PROBLEM » State how many lines of the data below hold the string "durante", giving nothing but the number.

DATA RECORDS »
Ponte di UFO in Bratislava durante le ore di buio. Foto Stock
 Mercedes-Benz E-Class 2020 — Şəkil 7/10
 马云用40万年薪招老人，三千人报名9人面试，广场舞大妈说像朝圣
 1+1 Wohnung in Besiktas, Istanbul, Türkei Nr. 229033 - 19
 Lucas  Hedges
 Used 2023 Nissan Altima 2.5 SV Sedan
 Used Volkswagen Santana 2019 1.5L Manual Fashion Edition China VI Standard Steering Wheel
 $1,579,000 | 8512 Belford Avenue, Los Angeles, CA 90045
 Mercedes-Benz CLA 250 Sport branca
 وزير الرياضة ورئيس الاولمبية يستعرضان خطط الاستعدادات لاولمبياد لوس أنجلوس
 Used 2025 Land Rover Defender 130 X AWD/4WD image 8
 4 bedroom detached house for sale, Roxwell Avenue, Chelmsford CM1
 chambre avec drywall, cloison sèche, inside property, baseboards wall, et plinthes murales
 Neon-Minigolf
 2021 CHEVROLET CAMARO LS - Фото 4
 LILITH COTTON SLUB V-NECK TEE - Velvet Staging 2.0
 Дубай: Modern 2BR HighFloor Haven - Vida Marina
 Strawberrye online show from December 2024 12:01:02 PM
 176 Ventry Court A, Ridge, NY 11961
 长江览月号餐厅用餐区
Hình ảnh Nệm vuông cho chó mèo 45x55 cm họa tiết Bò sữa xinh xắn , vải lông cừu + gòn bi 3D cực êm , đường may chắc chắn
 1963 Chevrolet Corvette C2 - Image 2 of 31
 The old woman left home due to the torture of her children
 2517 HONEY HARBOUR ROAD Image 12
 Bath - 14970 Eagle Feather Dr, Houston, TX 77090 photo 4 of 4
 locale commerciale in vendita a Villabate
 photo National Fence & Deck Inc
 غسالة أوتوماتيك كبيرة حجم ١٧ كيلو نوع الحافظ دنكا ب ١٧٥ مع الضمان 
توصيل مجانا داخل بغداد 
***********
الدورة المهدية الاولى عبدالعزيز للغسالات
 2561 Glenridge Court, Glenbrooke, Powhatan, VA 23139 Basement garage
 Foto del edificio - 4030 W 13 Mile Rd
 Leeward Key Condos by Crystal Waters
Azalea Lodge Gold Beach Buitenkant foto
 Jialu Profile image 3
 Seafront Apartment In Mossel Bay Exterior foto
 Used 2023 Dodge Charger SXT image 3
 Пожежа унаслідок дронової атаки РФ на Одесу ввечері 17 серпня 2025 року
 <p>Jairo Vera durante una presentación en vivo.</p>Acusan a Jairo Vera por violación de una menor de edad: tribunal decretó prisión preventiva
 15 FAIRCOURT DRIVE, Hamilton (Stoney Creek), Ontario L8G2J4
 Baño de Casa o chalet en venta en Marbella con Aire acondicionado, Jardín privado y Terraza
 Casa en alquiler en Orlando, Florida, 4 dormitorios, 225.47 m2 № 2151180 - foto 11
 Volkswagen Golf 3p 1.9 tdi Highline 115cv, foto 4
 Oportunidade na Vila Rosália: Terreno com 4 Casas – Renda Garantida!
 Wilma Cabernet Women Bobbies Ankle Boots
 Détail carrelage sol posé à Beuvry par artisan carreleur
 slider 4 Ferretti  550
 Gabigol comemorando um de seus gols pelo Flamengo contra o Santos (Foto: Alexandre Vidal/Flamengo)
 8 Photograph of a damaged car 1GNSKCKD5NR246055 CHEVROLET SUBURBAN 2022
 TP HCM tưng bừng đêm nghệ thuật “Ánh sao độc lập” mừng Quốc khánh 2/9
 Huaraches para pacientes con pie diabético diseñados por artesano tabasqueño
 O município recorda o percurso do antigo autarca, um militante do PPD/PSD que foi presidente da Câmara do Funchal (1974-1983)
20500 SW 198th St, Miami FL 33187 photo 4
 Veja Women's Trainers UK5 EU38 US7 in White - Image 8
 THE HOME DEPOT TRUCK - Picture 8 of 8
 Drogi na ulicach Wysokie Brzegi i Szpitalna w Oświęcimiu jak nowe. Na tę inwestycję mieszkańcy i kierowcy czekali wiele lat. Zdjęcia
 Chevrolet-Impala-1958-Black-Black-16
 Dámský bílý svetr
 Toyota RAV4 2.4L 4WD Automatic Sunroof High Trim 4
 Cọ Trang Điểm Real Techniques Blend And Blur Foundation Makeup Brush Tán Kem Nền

TASK OUTPUT » 2